The executive director of the British Chamber of Commerce in Japan has been recognised at this year’s Scottish Samurai Awards.
Lori Henderson, from Dundee, was given the Order of the Scottish Samurai Shogun 2018 award in the British Embassy in Tokyo.
Lori was presented with the accolade by Lord Charles Bruce, honourable patron of the Japan Society of Scotland, and Ronnie Watt OBE, a Scottish master of Shotakan karate.
Several gongs were given out at the ceremony, with Lori’s award being in the ‘Shogun’ category.
The Scottish Samurai Shogun Award recognises an individual who has made a pre-eminent contribution in any area of activity, whether it is locally, nationally, or internationally, and where the work of the recipient will be recognised as both inspirational and significant, as well as demonstrating sustained commitment and leadership.
Lori was chosen for this year’s accolade for services to relations between Scotland and Japan.

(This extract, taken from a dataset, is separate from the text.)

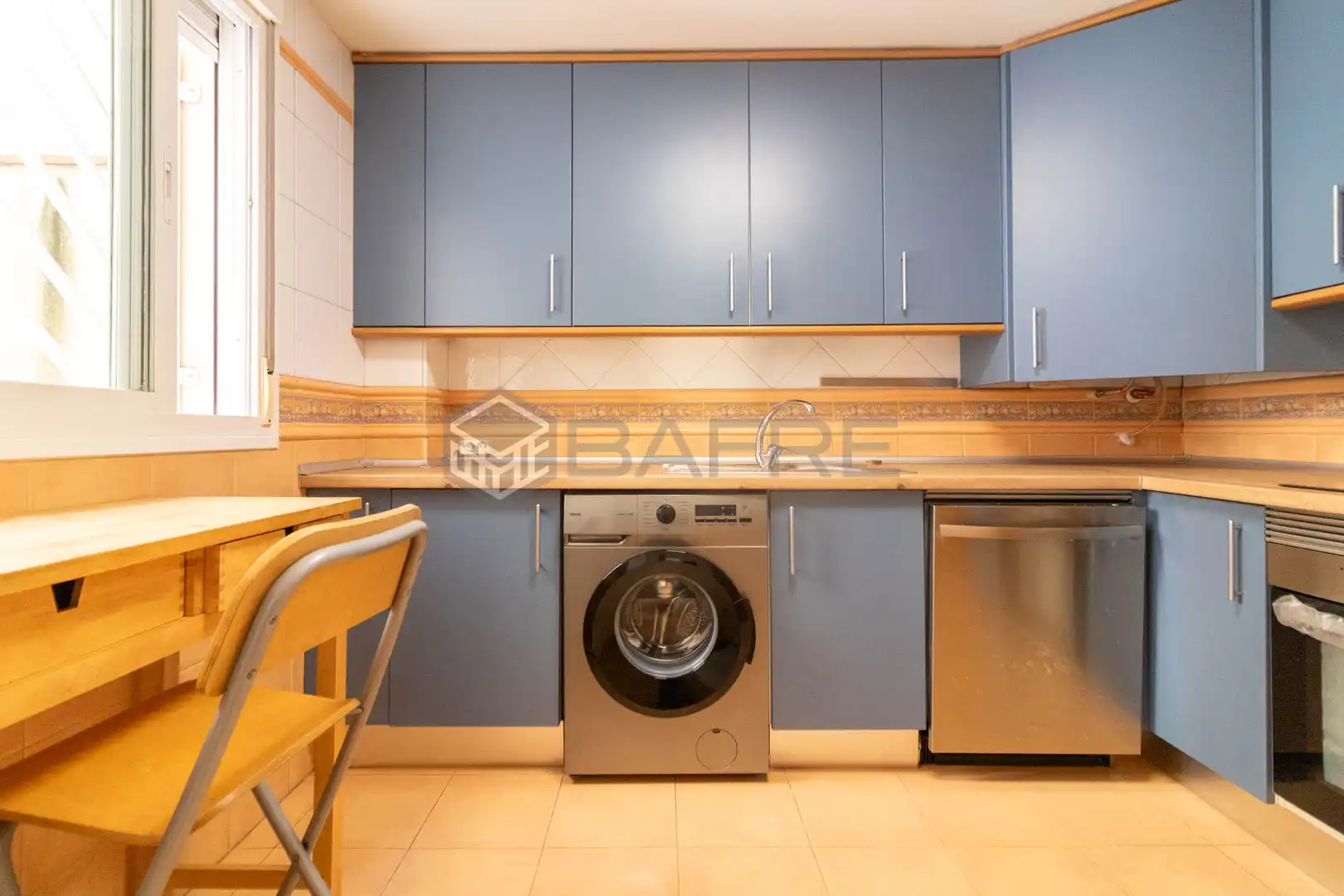 Kitchen of Flat for rent in Madrid  with Air Conditioner and Parquet flooring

As part of the award, she was given a diploma, a next insignia and a medal.
Lori, who grew up in the Mill O’ Mains and Downfield areas of Dundee, said: “It just so happened to fall on my 39th birthday.
“It was a real honour to receive these medals. One was almost Olympic size. There was a smaller one that can hang from your lapel – a dinky little one that you can wear more discreetly to official events.
“Being given an honour that specifically links Japan and Scotland was a real treat.
“During the opening ceremony, Dundee was mentioned specifically for the new V&A museum, and architect Kengo Kuma, who is in charge of the Tokyo 2020 Olympic stadium, just up the road from where we live in Tokyo.
“It makes you quite proud when your two ‘hometowns’ are linked in this way.
“In my day job I promote the UK as a whole, but I always strive to bring Scottish interests to the fore.
“But they did not mention a specific achievement.”
Lori has been living in Japan since 2003, originally landing there for a gap year to teach English, but she “forgot to leave” after falling in love with the country.
She has been in her current role for eight years.
Each year previous award winners nominate those they believe to be worthy recipients. A committee then selects a winner for each category.
Previous winners at the award ceremony include television star Joanna Lumley.
The awards were set up in honour of Thomas Glover, who is often referred to as the father of Japan’s modern railways, and the “first Scottish samurai”.